29 Mart 2009 Basın Özeti
İngiliz pazar gazetelerinin ortak konusu yaklaşan G20 zirvesi ve küresel ekonomik krizle mücadele konusundaki tartışmalar...
Bu zirvede, ABD ve İngiltere yönetimlerinin özellikle Avrupa’nın önde gelen ülkelerine krizle mücadele yönünde ekonomiyi canlandırma teklifini yine gündeme getirmesi bekleniyor.
Sunday Telegraph, zirveye ev sahipliği yapacak olan İngiltere’nin Başbakanı Gordon Brown’un dünya liderlerine yapacağı 1.4 trilyon sterlinlik mali teşvik önerisinin basına sızdırılmasının zirveyi sabotaj girişimi olabileceğini yazıyor.
Alman haber dergisi Der Spiegel söz konusu planı geçtiğimiz perşembe günü yayınlamıştı.
Gazete, bu konudaki bilginin dergiye, İngiltere’deki zirveyi sabotaj etmek için Alman hükümeti tarafından sızdırılmış olabileceğini yazıyor.
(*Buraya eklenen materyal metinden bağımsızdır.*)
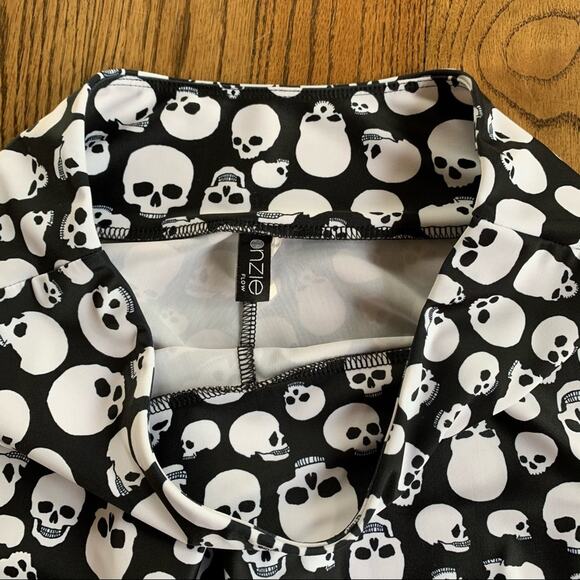 Onzie Black Skull Cropped Athletic Legging Pants - Picture 4 of 10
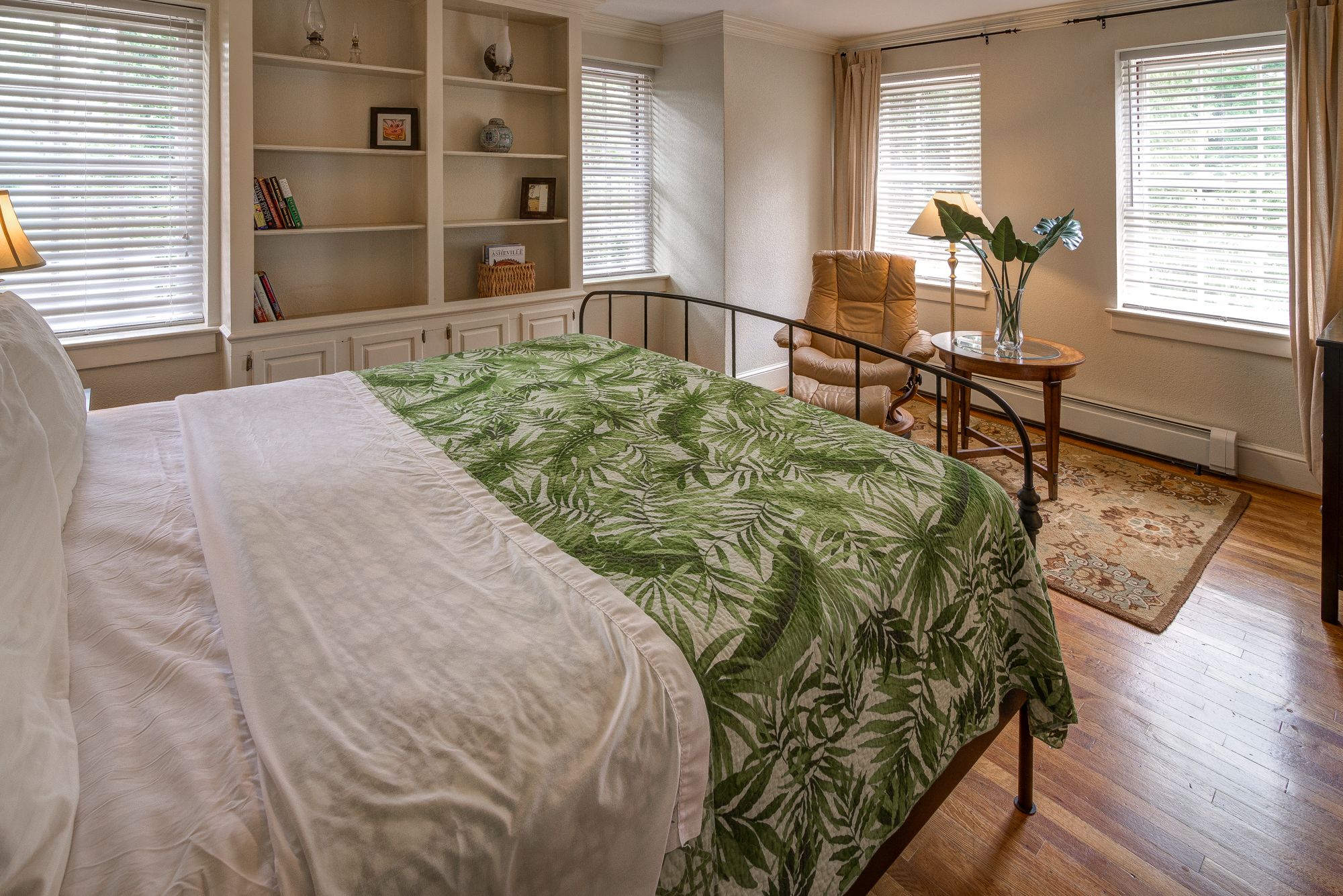 1937 king bed | 1 bedroom, premium bedding, iron/ironing board, free wifi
Gazete, İngiliz başbakanlık sözcüsünün de Alman dergisine sızdırılan paketin eski bir paket olduğunu, söz konusu rakamın da IMF tarafından yapılan bir hesaba dayandığını ileri sürdüğünü belirtiyor.
İngiliz yetkiliye göre bunun ötesinde bir harcama talebi yok.
Ancak gazete bu sözlerin de, Almanya ve Fransa’nın muhalefeti ardından Brown’un harcama planlarını küçültmek zorunda kaldığı şeklinde yorumlandığını aktarıyor.
Sunday Times da, söz konusu harcama planının basına sızması ardından, Almanya Başbakanı Angela Merkel’in “kimse bana ne kadar para harcayacağımı söyleyemez” dediğini aktarıyor.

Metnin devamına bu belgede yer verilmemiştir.